Pity the generation that hears about grace only and never understands the message because it never heard about the law. Grace is little more than leniency and has no saving power unless it reaches people in whom sin has sprung to life and they have died to complacency and self-sufficiency.

Unless you are forced to face the standards of divine holiness and see them reaching into your heart where you daily and hourly and moment by moment betray those standards, unless you see the living power of your own sin surfacing and asserting itself in the face of God's holy law, you will never appreciate how impossible it is for you to please God, how desperate you are for a righteousness you can in no way supply yourself, and how perfectly Jesus Christ, the Lamb of God meets your need.



Tomorrow's Bible In a Year Passage passage: Psalms 72-73; Acts 26

3 comments:

Nathan said...

This verse from Psalm 70:5 speaks to both what Rayburn says about out need for God and forgiveness, as well as King David pleading for help from God.

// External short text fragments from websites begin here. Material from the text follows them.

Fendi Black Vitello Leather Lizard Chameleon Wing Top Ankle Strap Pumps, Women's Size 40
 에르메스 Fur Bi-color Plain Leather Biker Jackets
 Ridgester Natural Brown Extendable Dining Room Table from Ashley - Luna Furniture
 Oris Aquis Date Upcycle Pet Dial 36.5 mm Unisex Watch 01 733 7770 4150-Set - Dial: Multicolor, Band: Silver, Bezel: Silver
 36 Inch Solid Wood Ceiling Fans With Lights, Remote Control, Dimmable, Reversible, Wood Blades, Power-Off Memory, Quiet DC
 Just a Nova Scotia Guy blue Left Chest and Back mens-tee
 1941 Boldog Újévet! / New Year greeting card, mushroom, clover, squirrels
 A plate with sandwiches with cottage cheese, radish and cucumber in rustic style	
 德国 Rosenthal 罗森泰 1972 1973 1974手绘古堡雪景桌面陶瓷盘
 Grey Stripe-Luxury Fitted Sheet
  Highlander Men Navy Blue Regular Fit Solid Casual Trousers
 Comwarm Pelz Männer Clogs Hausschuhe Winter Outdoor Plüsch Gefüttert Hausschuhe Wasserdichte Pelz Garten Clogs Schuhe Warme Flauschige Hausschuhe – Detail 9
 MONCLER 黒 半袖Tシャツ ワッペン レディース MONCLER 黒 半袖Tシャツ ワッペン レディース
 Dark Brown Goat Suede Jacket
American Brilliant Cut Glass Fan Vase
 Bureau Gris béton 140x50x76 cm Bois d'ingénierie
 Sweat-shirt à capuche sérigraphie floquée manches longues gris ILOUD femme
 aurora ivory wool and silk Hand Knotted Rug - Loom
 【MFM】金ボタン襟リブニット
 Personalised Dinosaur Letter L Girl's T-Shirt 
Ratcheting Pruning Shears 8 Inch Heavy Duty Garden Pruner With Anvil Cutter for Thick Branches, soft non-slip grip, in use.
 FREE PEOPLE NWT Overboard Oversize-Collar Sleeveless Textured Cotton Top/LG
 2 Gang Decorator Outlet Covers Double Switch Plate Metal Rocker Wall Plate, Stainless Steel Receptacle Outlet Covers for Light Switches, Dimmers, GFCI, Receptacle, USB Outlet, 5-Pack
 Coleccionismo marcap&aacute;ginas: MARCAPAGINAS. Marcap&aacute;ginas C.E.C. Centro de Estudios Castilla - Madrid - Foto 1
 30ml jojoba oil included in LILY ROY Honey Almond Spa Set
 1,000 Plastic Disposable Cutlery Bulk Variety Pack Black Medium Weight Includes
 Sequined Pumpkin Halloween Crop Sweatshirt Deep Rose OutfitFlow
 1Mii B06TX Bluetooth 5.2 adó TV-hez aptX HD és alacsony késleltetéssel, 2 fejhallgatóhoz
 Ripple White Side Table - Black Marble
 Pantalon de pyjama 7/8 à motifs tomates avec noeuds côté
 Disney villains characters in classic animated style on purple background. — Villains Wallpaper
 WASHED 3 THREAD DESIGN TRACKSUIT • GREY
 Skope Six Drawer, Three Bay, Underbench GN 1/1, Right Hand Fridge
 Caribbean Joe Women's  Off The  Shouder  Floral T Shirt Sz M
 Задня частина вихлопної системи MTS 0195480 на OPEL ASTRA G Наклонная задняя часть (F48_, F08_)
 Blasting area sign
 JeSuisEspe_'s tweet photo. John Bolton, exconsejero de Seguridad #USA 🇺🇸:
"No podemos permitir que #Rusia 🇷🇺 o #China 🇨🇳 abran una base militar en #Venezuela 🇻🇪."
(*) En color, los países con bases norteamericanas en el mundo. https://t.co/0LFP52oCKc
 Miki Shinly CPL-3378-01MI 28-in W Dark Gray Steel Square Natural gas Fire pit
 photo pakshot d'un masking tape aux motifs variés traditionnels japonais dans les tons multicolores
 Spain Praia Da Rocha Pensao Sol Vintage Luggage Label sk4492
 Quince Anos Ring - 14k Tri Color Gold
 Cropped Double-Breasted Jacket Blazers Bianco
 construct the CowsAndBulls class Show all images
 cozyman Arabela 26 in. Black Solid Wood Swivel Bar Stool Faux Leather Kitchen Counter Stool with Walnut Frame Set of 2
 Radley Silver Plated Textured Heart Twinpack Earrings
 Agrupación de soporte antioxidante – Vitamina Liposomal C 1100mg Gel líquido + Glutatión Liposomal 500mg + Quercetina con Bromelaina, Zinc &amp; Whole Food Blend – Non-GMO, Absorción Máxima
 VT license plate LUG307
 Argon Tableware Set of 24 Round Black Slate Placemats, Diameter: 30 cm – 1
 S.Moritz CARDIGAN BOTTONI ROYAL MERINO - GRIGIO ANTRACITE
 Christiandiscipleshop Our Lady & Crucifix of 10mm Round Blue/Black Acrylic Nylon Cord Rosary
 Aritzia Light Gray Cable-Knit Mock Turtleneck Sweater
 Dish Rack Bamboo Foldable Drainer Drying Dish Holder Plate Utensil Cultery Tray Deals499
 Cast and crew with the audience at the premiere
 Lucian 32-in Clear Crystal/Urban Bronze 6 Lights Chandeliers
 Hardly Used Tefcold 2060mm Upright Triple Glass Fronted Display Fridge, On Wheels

5 But I am poor and needy;
hasten to me, O God!
You are my help and my deliverer;
O Lord, do not delay!

I am an imperfect human that falls way short of what God desires out of me. Only through God's help, and forgiveness, can I get to where He wants me.

Pamela said...

O God, from my youth you have taught me,
and I still proclaim your wondrous deeds.
18 So even to old age and gray hairs,
O God, do not forsake me,
until I proclaim your might to another generation,
your power to all those to come.
19 Your righteousness, O God,
reaches the high heavens.
You who have done great things,
O God, who is like you?

The verse you mentioned stood out for me too. I thought of it also being not only about how we truly don't understand God's righteousness but also how we need God's grace from when we are young until we are old. Also, how important it is to teach our children about it so that they too might have an understanding.

Conrad said...

I also had the same scripture jump out to me that Nathan quoted. King David was a king and yet he realized his shortcomings and also knew he couldn't do all things on his own.

A good reminder for someone like me, who finds it difficult to ask others for assistance.